Well, it just goes to show, you can’t please everybody.
It also shows that like people, appellations have personalities, and sometimes the person and the region just aren’t a match.
Is there a way to predict if you’ll enjoy a wine trip to Napa, the Sierra Foothills, Temecula, Santa Barbara or other appellations?
We think so. Just by researching what each appellation offers, you can get a pretty good idea of the overall tone of the trip you might have, and then judge for yourself.
Here are quick takes on who might best enjoy the following appellations:
Napa: People who want to experience the upper echelons love Napa. The region is the top tier for California wine, so you’ll find famous wineries, prestigious restaurants, manicured wineries, gardens and cellars and status symbols everywhere, from cars to clothes and of course wine. Romantics devoted to the wine country lifestyle are nuts about Napa, too. So are wine lovers who like their touring simple: hwy. 29 is a straight line with wineries galore, one after another.

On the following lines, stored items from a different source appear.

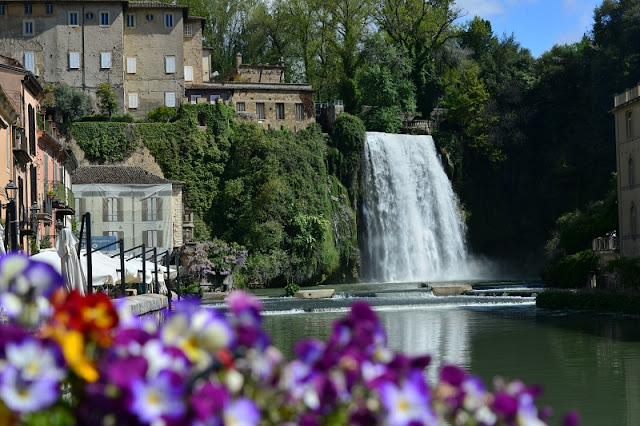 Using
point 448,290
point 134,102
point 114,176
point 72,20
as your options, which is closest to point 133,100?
point 134,102

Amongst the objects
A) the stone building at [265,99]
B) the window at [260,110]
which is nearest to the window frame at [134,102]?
the stone building at [265,99]

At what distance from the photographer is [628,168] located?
43750 millimetres

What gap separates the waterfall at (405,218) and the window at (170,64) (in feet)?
47.0

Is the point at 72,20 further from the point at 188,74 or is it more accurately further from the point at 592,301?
the point at 592,301

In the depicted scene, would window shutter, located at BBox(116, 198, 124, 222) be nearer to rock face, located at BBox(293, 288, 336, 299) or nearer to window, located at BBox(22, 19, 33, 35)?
rock face, located at BBox(293, 288, 336, 299)

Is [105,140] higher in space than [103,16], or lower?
lower

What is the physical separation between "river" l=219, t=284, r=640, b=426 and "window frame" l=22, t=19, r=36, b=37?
29.3 m

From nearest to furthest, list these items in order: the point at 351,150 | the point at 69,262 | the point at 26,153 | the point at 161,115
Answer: the point at 69,262 → the point at 26,153 → the point at 161,115 → the point at 351,150

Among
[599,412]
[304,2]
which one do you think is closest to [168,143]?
[304,2]

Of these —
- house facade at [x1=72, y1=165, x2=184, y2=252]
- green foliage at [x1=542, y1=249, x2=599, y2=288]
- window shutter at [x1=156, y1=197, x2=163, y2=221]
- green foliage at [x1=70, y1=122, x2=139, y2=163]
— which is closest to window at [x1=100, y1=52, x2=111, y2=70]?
green foliage at [x1=70, y1=122, x2=139, y2=163]

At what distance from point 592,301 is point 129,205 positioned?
1189 inches

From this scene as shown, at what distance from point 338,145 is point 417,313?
3052cm

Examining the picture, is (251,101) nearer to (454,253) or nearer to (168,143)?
(168,143)

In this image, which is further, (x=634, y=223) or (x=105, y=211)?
(x=105, y=211) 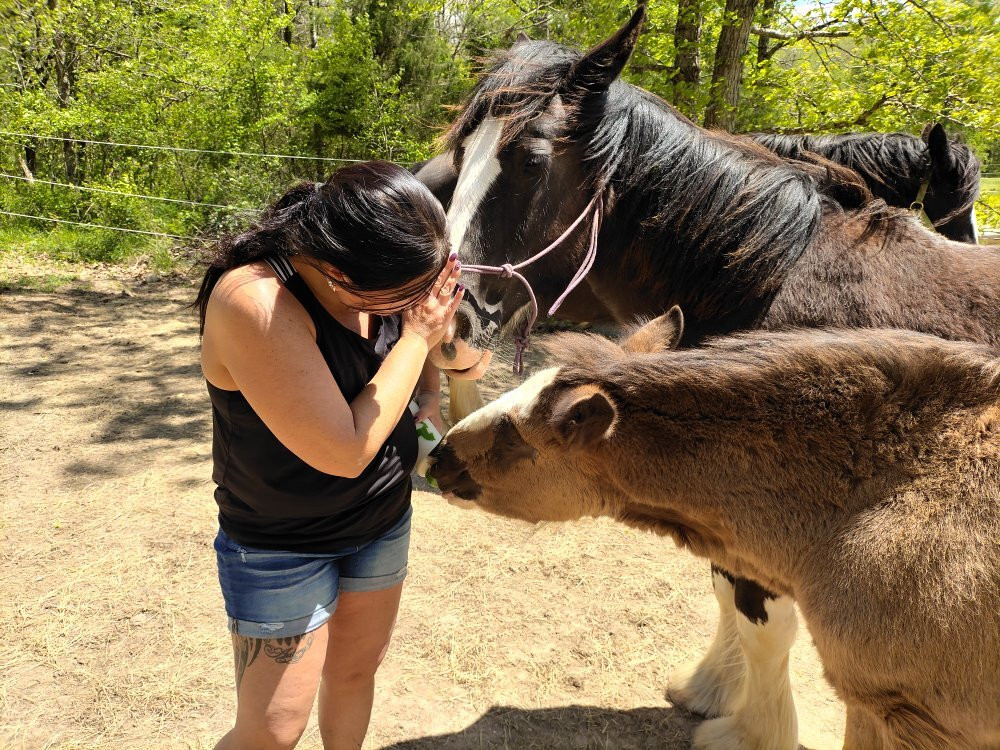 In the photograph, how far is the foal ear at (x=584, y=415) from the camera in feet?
6.31

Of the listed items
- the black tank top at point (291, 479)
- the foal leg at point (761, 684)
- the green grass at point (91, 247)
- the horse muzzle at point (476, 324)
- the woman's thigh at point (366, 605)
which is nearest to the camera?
the black tank top at point (291, 479)

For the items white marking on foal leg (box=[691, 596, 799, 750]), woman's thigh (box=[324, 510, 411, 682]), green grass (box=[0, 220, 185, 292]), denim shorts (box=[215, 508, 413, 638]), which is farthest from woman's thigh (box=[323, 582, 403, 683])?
green grass (box=[0, 220, 185, 292])

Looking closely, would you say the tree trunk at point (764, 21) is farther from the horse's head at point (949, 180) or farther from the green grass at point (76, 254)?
the green grass at point (76, 254)

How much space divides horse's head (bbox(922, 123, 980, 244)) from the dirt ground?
233cm

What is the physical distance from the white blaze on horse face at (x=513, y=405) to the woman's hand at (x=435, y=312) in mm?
373

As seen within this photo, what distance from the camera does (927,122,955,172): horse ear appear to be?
349cm

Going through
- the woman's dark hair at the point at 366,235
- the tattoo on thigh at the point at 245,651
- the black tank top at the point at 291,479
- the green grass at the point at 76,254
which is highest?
the woman's dark hair at the point at 366,235

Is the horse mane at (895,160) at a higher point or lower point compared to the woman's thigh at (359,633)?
higher

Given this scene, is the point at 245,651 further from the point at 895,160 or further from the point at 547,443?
the point at 895,160

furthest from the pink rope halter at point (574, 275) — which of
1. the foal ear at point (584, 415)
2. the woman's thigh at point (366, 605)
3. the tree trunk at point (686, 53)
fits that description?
the tree trunk at point (686, 53)

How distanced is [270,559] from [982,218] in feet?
23.2

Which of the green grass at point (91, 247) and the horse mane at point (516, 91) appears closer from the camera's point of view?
the horse mane at point (516, 91)

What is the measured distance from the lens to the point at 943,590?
1655 millimetres

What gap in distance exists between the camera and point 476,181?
9.26 feet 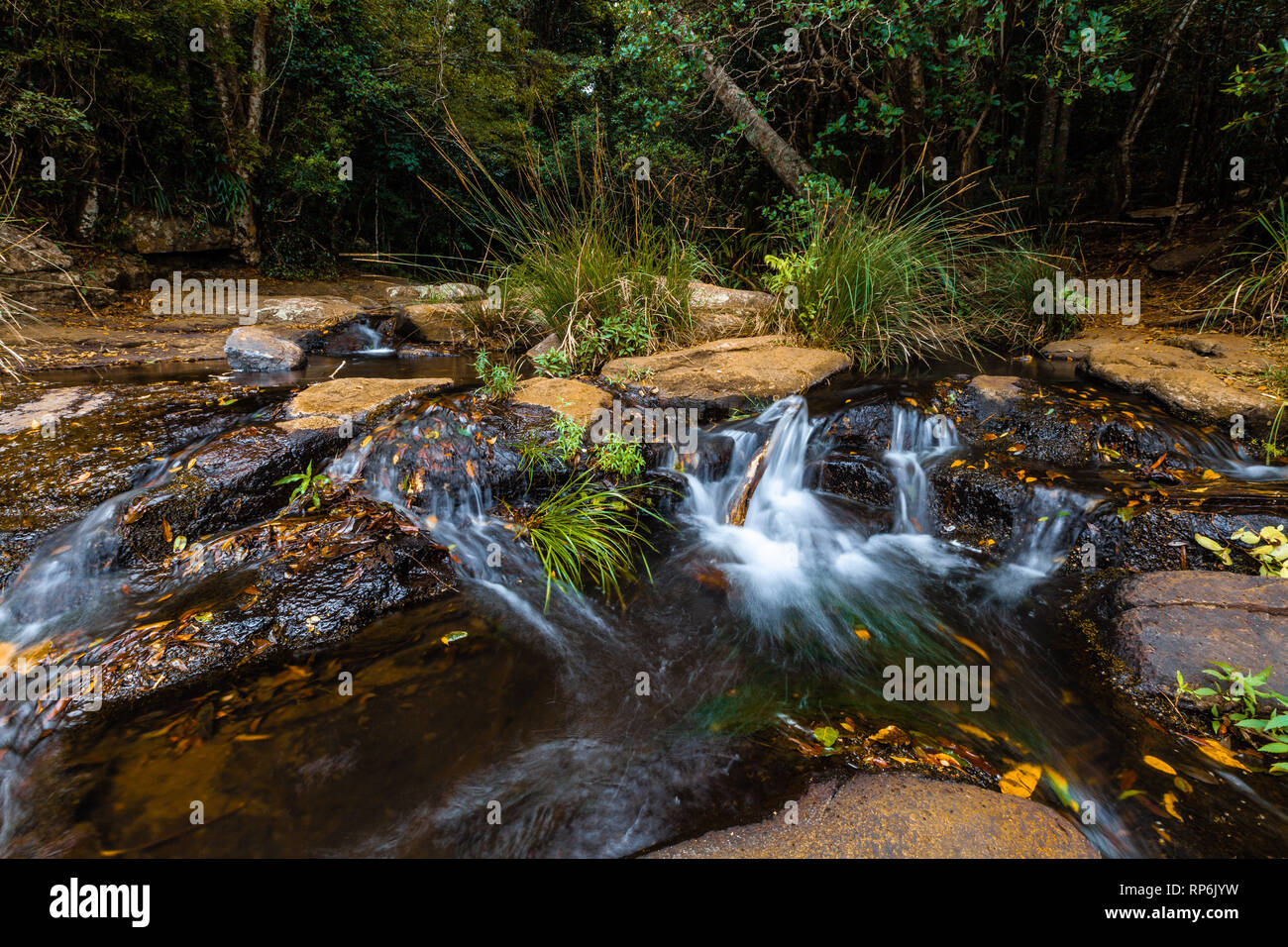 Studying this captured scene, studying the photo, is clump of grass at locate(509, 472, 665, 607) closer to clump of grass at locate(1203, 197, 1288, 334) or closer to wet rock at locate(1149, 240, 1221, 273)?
clump of grass at locate(1203, 197, 1288, 334)

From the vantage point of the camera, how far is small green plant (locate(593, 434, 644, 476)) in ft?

Sierra Foothills: If you enjoy a somewhat rustic, welcoming vibe in a mountainous region where wineries
are very seldom near each other, consider the Sierra Foothills. The appellation is huge, covering eight counties. Western history buffs will be over the moon at places like Sutters Mill and Placerville. You can even sip wine watching the frog-jumping contest in Calaveras County made famous by Mark Twain. Aside from the history, the mountain-grown wines are distinctive and some of the scenery is quite beautiful. Hello, backpackers.
Temecula: Those who like a leisurely but luxurious pace will appreciate Temecula, about an hour north of San Diego. The ambiance is relaxed, influenced by nearby Mexico’s “manana” culture. The valley makes it easy to visit wineries; they line each side of the road and are just minutes away from each other. Temecula’s fabulous climate lends itself to outdoor concerts and outdoor dining. Life is slower here. Temecula offers a feeling of vacation that you don’t always find in other wine country. If you like to smell the roses (at the end of each vineyard row), this is the place.
Santa Barbara: Adventurous souls find a home in Santa Barbara wine country. Unless you’re in the village of Los Olivos in the Santa Ynez Valley or in downtown Santa Barbara’s urban wine zone, wineries are not bunched together like fish in a tank. This wine country spans more than 50 miles over a high mountain pass and embraces an incredible range of terroir from the hot Happy Canyon in the far east to the very cool (even in summer) Sta. Rita Hills in the west. You’ll need your GPS (and bring a map–GPS may not always work), different changes of clothes and a Marco Polo-type personality for this wine country.
Ever had a mismatch with an appellation? Or the perfect match for you?